Segment Open

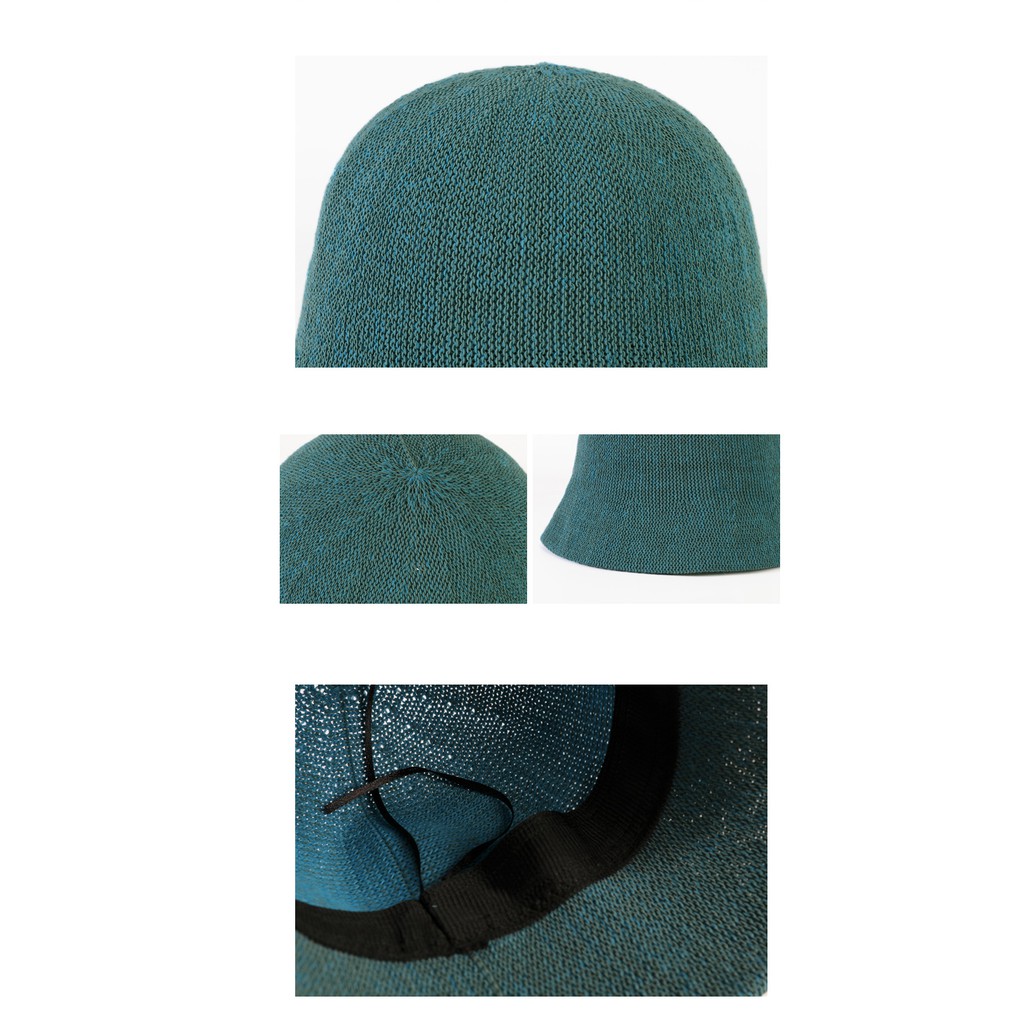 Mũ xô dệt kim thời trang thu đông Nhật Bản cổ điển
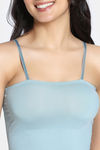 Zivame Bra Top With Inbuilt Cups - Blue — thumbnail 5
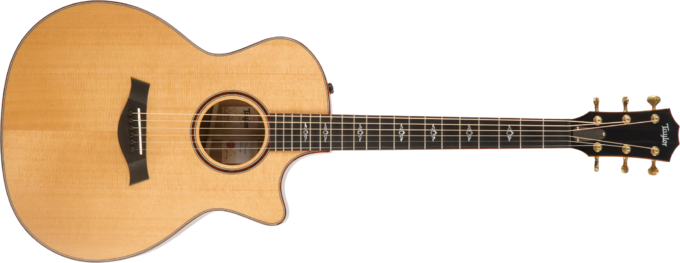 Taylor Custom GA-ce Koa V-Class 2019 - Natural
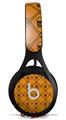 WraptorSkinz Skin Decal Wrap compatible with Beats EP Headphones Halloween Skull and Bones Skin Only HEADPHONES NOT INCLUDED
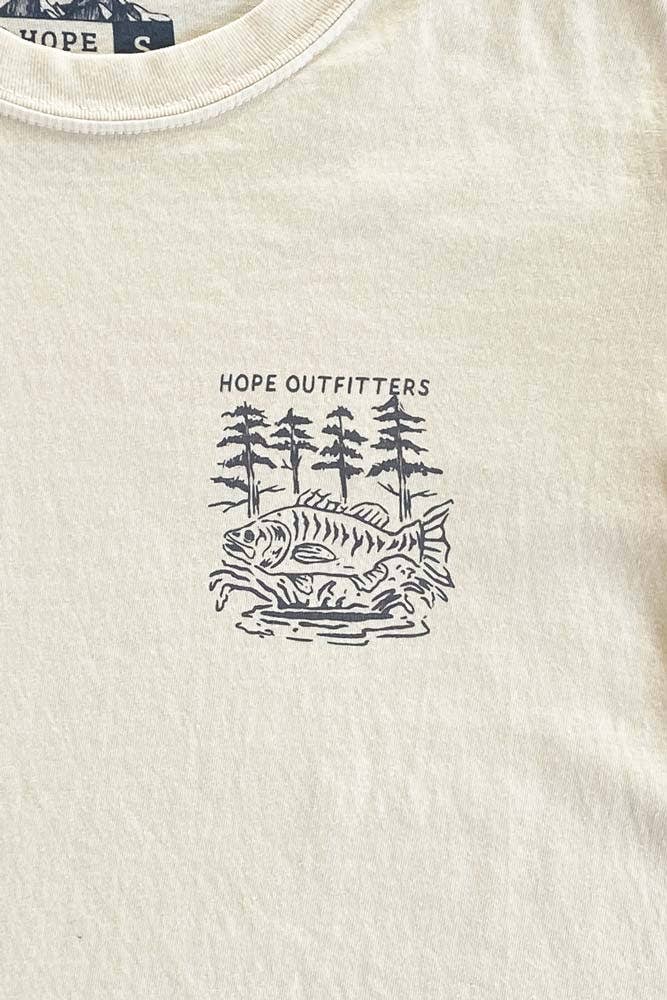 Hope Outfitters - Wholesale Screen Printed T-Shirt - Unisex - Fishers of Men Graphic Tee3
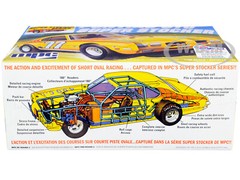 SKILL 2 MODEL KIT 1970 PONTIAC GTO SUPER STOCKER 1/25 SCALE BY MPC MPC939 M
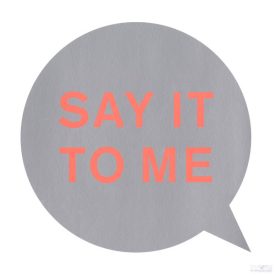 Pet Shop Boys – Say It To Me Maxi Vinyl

Segment Closed

What you have to do → Looking at the listing above, which lines run from the one containing "WraptorSkinz Skin Decal" through the one containing "SKILL 2 MODEL"? Print exactly those, ends included, pictures excluded.

Solution for this exercise →
 WraptorSkinz Skin Decal Wrap compatible with Beats EP Headphones Halloween Skull and Bones Skin Only HEADPHONES NOT INCLUDED
 Hope Outfitters - Wholesale Screen Printed T-Shirt - Unisex - Fishers of Men Graphic Tee3
 SKILL 2 MODEL KIT 1970 PONTIAC GTO SUPER STOCKER 1/25 SCALE BY MPC MPC939 M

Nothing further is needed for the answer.